Na posição de relator, Renan atrai para si os holofotes e ganha simpatia da oposição e da mesma mídia outrora lavajatista, agora que Sergio Moro está no ostracismo remunerado, e Lula se torna uma alternativa viável para a presidência em 2022. As acusações de negligência e de “genocídio” são a bala de prata com que conta a oposição para fazer Bolsonaro derreter. A atitude de Zambelli, integrante do baixo clero bolsonarista, do qual também faz parte Daniel Silveira, usado como “bucha” dos embates entre o Governo e o STF, na figura de Alexandre “Xandão” Moraes, pode denotar um certo desespero por parte dos governistas.
Foi a mesma Justiça Federal que impediu Bolsonaro de nomear um diretor da Polícia Federal e até mesmo um presidente da Fundação Palmares, cargos que, pela Constituição Federal, são de livre nomeação pelo Presidente da República. Mas, como todos sabemos, a lei passou a contar menos que a interpretação que a dão os “togados iluminados”, dos quais o maior expoente é um dos ministros nomeados por Dilma e aprovado pelo Senado, Luis Roberto Barroso.

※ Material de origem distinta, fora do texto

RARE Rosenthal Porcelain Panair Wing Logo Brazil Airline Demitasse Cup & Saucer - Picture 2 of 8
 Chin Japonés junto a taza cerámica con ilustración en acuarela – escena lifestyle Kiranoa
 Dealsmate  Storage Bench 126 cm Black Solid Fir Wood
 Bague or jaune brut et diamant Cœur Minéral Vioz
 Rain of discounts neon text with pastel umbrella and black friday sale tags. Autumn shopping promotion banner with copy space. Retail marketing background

Em um outro artigo, comparamos Renan Calheiros a Talleyrand, diplomata francês que serviu a diversos governos, de antagônicas tendências, desde o Antigo Regime à Restauração dos Bourbons. Já o alagoano pode muito bem cooperar com o governo ou colocá-lo na parede – tudo é possível. Se não tem a faca e o queijo na mão, pelo menos, tem um bom palanque.